As the group’s chair, India will set the agenda and steer the negotiations leading to the final declaration. After what we know of the Indian Prime Minister’s ambition to elevate India’s relevance in geopolitics, and after having experienced his determination to that effect, the world can expect a high profile of India’s diplomatic endeavours. While the Western world is still focussed on how to contain and push back Russia’s aggression against the Ukraine, the global South overall refuses to take sides in this conflict. Apart from China, India is the most prominent big power to ignore sanctions imposed by the wide Western anti-Russia coalition, formally because they are not binding UN-sanctions, politically because India wants to document its determination to be seen as independent of any political or geostrategic bloc. This positioning may falsely remind global politics of India’s non-alignment position of the first four decades of its independence. Today’s strategic positioning, however, carries no ideological or moral motivation of that era; it simply expresses India’s desire to be recognised as a global big power. As the world has moved from a unipolar order after the end of the Cold War to a bipolar order with the USA and China as rivals and competitors for global dominance, India is striving for a multipolar order; there only would be room for other big dominant powers.
India will, with its policies as the G-20 chair, certainly add to its other manifestations of geostrategic autonomy. In order to be effective, however, such policies would have to be underpinned by economic substance and military capacities. While India is just about to become the world’s number one with regard to the size of its population, thus overtaking China, it ranks as an economy as number seven (nominal GDP 2017) and militarily as number four by its nominal defence budget for 2021, but by capabilities and quality of armament certainly behind the numbers five, six and seven. Overall, it compares more to Turkey and Saudi Arabia, countries with regional ambitions, but certainly not global powers.
In addition, India has been for decades engaged in a conflict with China at its land border to the North and, more and more in recent years, in an unfriendly competition for hegemonic dominance over the Indian Ocean. These conflict lines massively and permanently bind forces and resources and limit India’s margin of manoeuver in its pursuit of its geostrategic goals. Furthermore, India has no other option than to rely on alliances, coalitions and cooperative defence arrangements within Western inspired settings such as the Quadrilateral Security Dialogue (“Quad”) with the USA, Japan and Australia.

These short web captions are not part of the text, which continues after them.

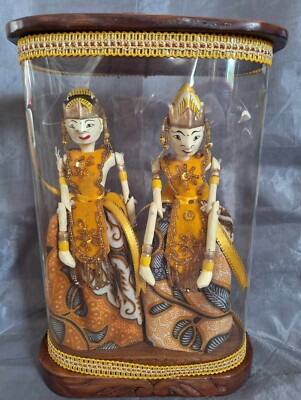 Authentische indonesische seltene alte Holzpuppen im Koffer. Rama und Shinta.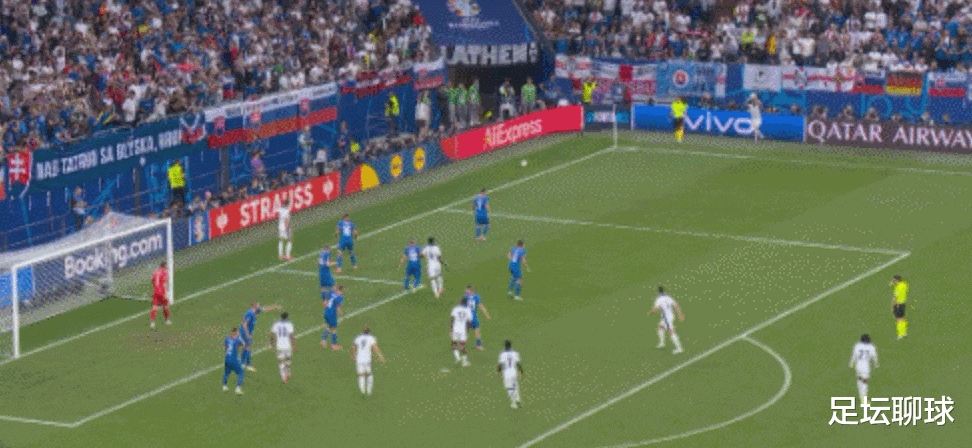 爱游戏官方入口-湖南队成功逆转，战胜对手晋级淘汰赛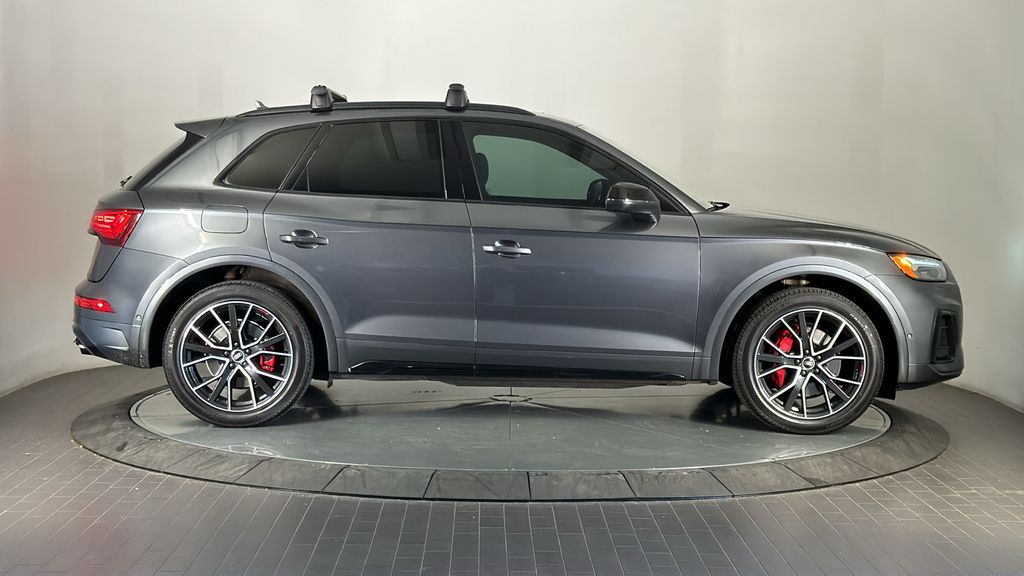 2022 Audi SQ5 Prestige 8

Prime Minister Modi has certainly demonstrated that he understands where his country’s future and interests lie. But this does not prevent him from taking advantage of occasional opportunities, such as the purchase from Russia of oil and gas and other commodities at grotesque discount prices. India’s current cooperation with Russia, being in stark contrast with expectations of really relevant partners for the future, is certainly annoying those partners. But it is Modi’s choice to illustrate his ambition to become a global power. How serious he is in his pursuit of strategic autonomy will be seen i.a. by his deeds as the G-20’s chair. The year 2023 will not bring about essential changes in India’s economic and military fundamentals, but it will catapult on a world stage its intentions and possibly its illusions regarding its place in world politics.